---------- Supplied data ----------
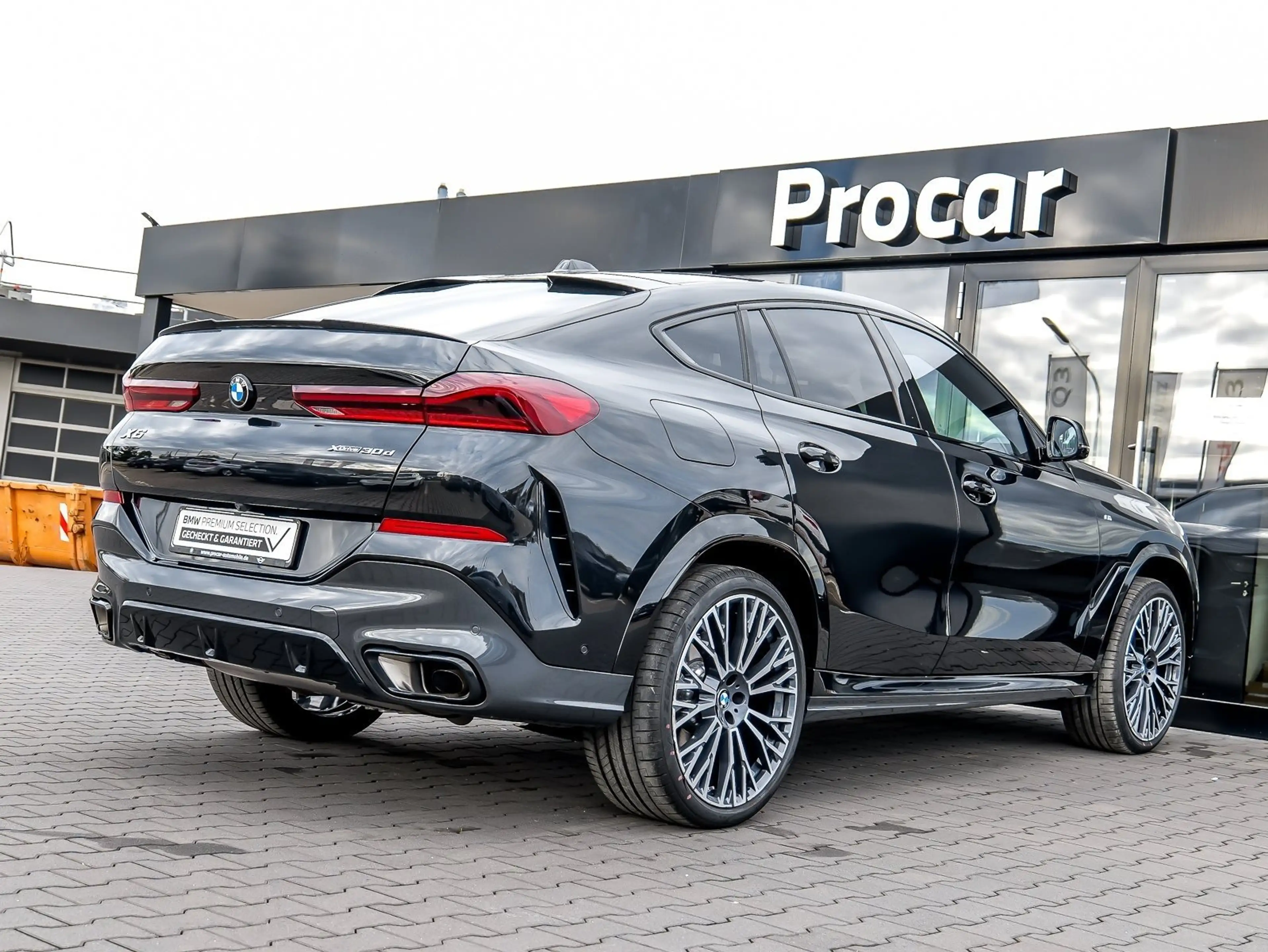 BMW X6 xDrive30d M Sport HUD PANO ACC AHK 360°KAM — photo 2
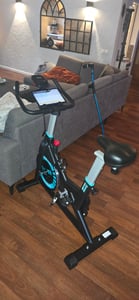 [2026 MODELL] Wenoker Heimtrainer Fahrrad mit Verstellbarem Magnetwiderstand, Ergometer Hometrainer Fahrrad mit APP, Leises Fitnessbike Bis 160kg Kunden-Foto 4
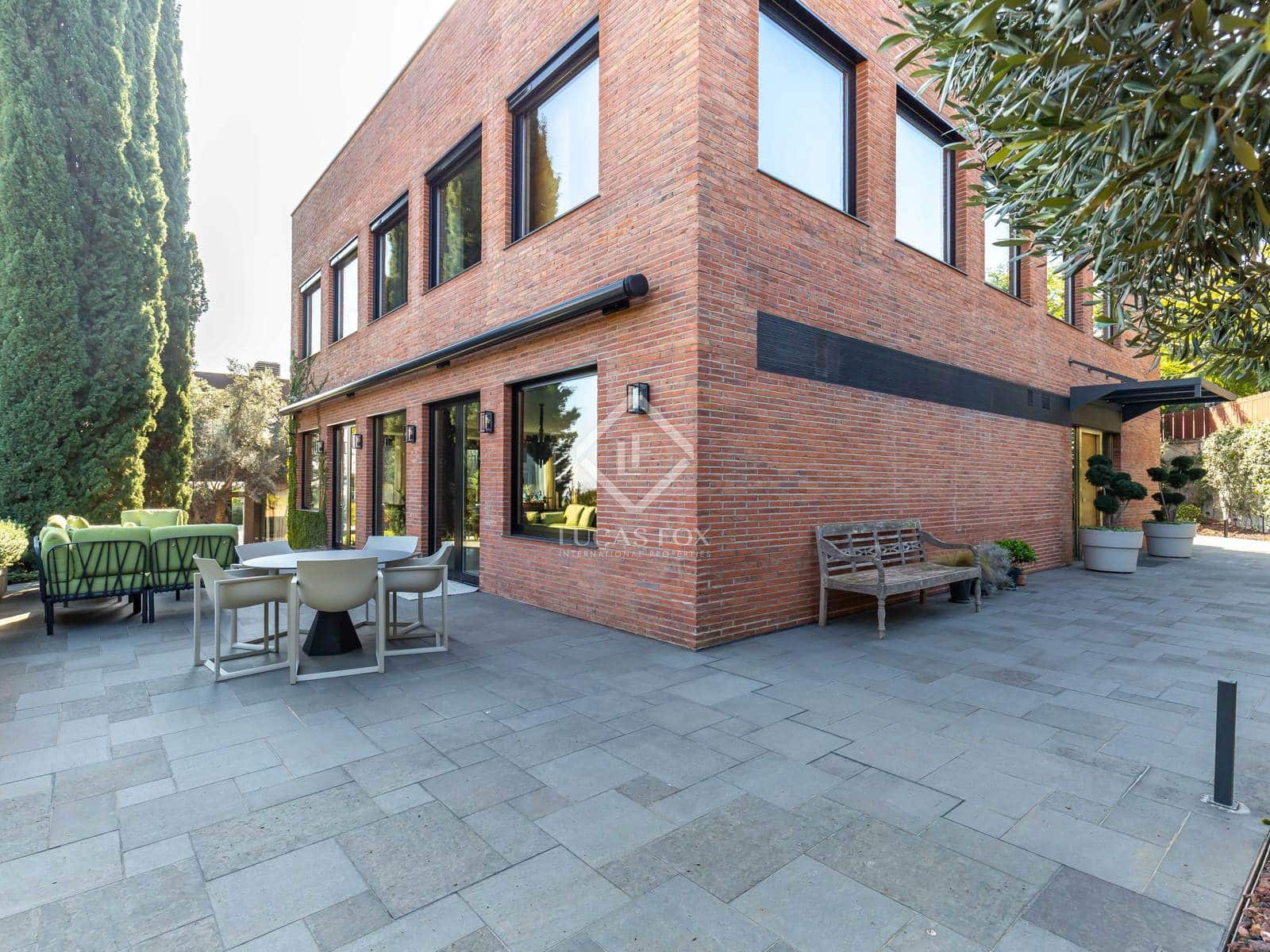 4 soveværelse Villa til salg i Esplugues de Llobregat med swimmingpool garage - € 3.975.000 (Ref: 8910589)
----------
### [Task to complete]
For this task, give the full listing again verbatim and keep out every picture.

### [Written solution]
 BMW X6 xDrive30d M Sport HUD PANO ACC AHK 360°KAM — photo 2
 [2026 MODELL] Wenoker Heimtrainer Fahrrad mit Verstellbarem Magnetwiderstand, Ergometer Hometrainer Fahrrad mit APP, Leises Fitnessbike Bis 160kg Kunden-Foto 4
 4 soveværelse Villa til salg i Esplugues de Llobregat med swimmingpool garage - € 3.975.000 (Ref: 8910589)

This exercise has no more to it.